== WHAT TO PRODUCE ==
The listing below is the input. Say how many of its lines contain "backup", giving the number alone.

== SOURCE MATERIAL ==

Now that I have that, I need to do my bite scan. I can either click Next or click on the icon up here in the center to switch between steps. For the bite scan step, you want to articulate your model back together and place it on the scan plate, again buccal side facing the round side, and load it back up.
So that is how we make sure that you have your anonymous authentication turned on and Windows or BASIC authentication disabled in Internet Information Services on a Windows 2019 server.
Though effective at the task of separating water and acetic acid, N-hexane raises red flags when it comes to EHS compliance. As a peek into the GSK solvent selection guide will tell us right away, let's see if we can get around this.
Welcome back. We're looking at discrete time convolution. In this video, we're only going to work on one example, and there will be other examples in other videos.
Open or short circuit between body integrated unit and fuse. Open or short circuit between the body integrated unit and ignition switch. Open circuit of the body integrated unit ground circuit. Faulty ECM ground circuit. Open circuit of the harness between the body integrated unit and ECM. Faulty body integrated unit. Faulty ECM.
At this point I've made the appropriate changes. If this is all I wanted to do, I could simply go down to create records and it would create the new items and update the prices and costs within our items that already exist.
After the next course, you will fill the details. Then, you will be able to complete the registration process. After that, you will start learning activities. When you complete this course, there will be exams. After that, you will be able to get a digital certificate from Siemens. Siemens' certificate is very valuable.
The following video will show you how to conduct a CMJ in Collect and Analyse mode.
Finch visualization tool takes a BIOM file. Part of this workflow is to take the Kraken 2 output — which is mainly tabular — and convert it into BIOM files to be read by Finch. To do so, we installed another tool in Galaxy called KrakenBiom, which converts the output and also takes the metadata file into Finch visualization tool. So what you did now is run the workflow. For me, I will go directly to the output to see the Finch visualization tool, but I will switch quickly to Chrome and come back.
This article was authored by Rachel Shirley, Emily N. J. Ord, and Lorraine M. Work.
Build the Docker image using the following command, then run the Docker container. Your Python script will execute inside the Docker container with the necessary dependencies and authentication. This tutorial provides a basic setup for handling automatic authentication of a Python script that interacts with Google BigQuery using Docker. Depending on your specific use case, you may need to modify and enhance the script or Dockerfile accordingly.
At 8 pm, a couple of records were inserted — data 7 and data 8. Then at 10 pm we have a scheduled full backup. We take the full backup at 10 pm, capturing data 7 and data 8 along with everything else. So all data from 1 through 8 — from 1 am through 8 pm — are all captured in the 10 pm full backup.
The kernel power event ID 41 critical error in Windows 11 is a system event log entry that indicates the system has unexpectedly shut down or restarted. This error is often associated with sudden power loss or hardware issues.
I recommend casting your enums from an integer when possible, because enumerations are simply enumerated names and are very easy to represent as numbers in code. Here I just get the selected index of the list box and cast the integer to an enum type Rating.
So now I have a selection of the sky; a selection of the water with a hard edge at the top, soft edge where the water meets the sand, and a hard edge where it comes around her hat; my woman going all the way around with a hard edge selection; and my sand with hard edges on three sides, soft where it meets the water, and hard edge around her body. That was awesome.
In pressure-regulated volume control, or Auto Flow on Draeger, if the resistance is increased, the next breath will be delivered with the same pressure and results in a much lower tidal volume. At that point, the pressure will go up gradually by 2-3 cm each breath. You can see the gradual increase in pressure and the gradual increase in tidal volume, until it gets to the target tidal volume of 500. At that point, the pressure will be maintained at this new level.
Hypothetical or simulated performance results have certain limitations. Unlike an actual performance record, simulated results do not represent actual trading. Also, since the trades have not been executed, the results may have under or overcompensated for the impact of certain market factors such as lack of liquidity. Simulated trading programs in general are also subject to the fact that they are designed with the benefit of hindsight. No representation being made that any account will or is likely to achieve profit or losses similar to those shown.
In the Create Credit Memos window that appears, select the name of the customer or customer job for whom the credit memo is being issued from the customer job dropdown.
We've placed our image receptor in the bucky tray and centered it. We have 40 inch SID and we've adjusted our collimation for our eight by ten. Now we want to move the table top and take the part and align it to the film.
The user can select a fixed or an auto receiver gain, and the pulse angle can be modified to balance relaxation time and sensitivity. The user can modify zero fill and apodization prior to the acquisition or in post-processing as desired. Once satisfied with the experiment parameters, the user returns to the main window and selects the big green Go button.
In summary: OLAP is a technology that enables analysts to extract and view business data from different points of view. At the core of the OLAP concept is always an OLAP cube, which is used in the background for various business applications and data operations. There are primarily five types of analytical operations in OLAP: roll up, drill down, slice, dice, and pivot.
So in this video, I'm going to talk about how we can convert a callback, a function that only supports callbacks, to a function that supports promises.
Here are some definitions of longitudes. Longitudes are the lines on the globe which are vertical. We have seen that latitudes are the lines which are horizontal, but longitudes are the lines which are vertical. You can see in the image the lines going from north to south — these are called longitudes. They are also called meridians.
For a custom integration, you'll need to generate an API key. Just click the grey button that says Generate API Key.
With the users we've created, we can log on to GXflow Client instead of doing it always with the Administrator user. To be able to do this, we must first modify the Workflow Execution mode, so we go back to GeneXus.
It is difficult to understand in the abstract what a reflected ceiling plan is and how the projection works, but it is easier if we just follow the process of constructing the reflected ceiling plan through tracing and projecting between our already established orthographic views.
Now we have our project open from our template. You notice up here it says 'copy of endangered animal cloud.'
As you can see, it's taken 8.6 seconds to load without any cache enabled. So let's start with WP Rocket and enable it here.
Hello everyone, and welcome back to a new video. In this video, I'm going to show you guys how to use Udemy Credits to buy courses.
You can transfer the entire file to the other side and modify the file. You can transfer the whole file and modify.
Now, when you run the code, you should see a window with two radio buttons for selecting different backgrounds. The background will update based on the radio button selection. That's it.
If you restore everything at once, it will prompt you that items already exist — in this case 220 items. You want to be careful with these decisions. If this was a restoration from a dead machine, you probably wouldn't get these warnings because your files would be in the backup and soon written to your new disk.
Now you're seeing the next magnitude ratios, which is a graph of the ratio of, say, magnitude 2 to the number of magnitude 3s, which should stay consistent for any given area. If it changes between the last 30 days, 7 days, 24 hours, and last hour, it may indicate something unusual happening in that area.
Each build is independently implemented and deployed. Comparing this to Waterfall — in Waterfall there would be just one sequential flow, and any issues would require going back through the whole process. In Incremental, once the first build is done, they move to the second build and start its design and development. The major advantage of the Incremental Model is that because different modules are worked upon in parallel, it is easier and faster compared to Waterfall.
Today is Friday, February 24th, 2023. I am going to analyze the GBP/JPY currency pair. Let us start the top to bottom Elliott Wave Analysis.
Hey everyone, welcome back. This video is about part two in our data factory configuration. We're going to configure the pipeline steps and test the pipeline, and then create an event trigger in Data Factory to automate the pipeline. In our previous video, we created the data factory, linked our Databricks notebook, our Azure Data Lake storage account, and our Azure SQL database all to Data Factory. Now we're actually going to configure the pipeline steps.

== EXERCISE SOLUTION ==
2